Brief descriptive captions
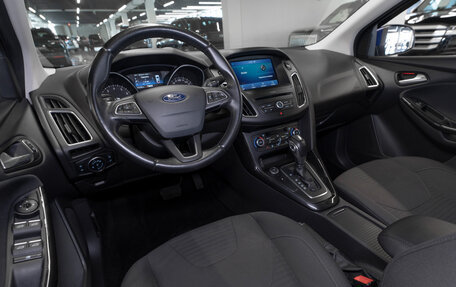 Ford Focus III, 2017 год, 1 330 000 рублей, 7 фотография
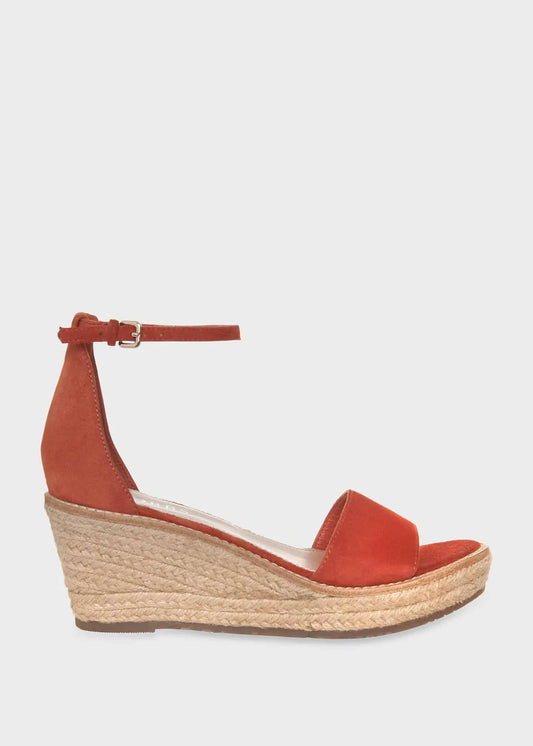 Deep Apricot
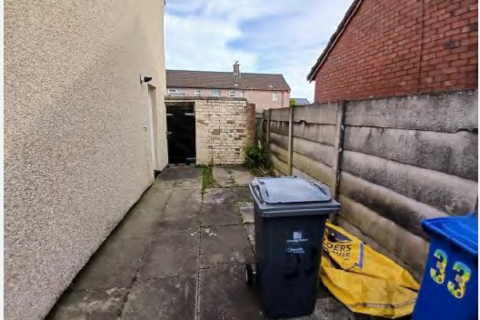 undefined, Quernmore Road, Liverpool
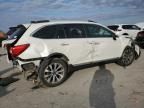 2018 Subaru Outback Touring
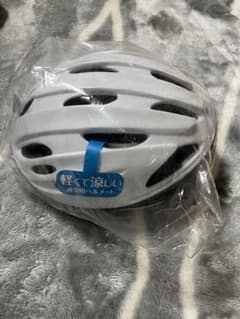 【nori様】自転車ヘルメット　OGK kabuto SN-11のサムネイル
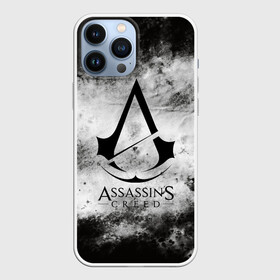 Чехол для iPhone 13 Pro Max с принтом ASSASSIN S CREED в Белгороде,  |  | Тематика изображения на принте: slayer | асасин | ассасин крид | ассассин | тамплиеры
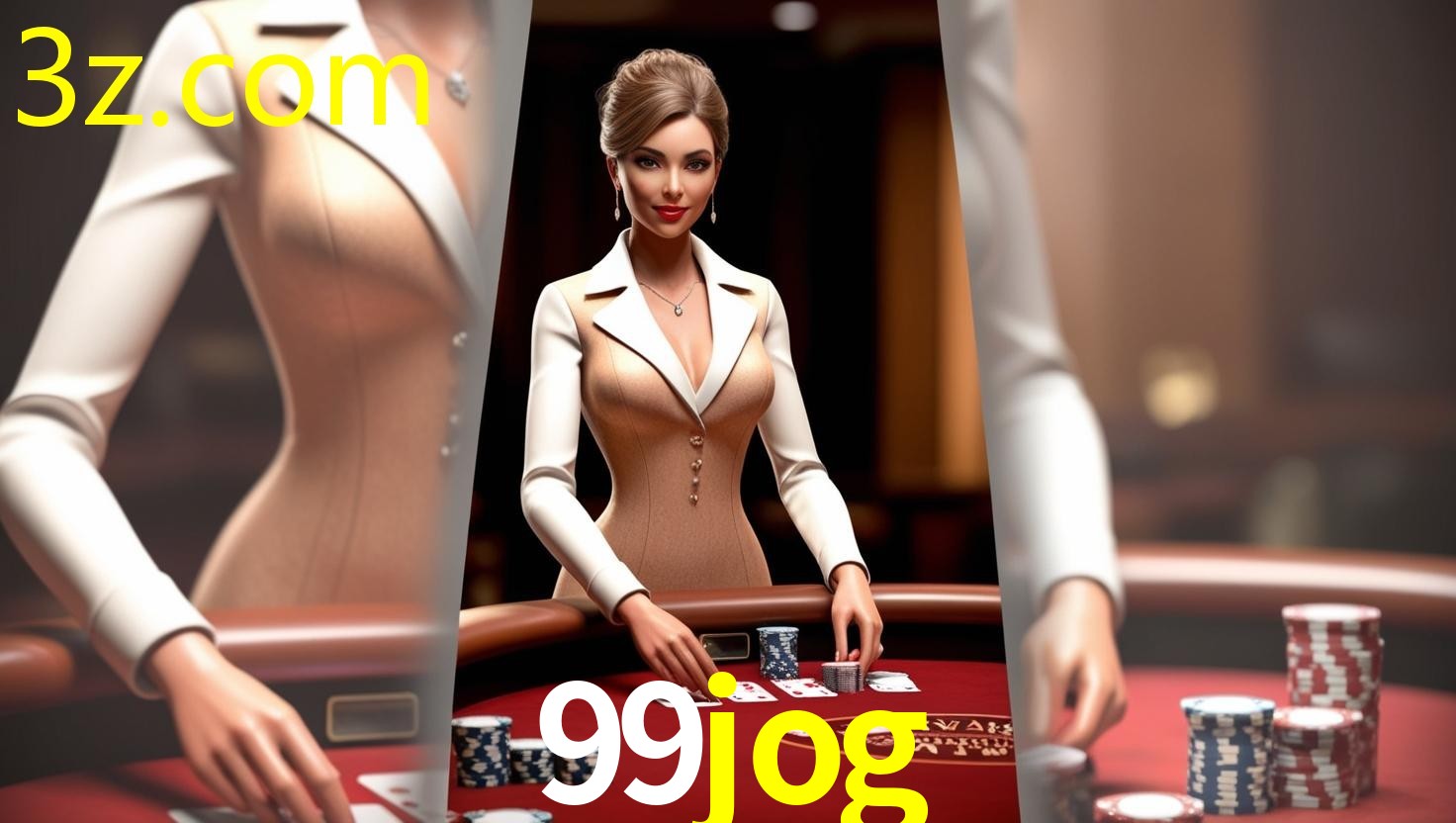 99JOG.COM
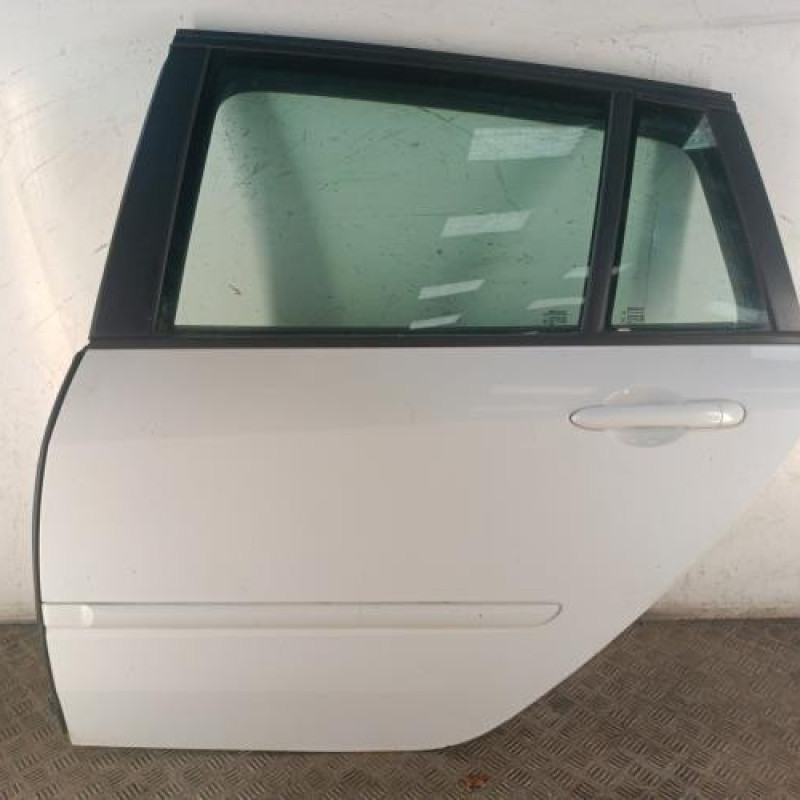 Porte arriere gauche RENAULT LAGUNA 3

HOW TO COMPLETE THIS TASK
Leaving the pictures aside, copy exactly and only the lines from the one holding "Deep Apricot" through the final line of the data, both ends kept.

EXPECTED ANSWER
 Deep Apricot
 undefined, Quernmore Road, Liverpool
 2018 Subaru Outback Touring
 【nori様】自転車ヘルメット　OGK kabuto SN-11のサムネイル
 Чехол для iPhone 13 Pro Max с принтом ASSASSIN S CREED в Белгороде,  |  | Тематика изображения на принте: slayer | асасин | ассасин крид | ассассин | тамплиеры
 99JOG.COM
 Porte arriere gauche RENAULT LAGUNA 3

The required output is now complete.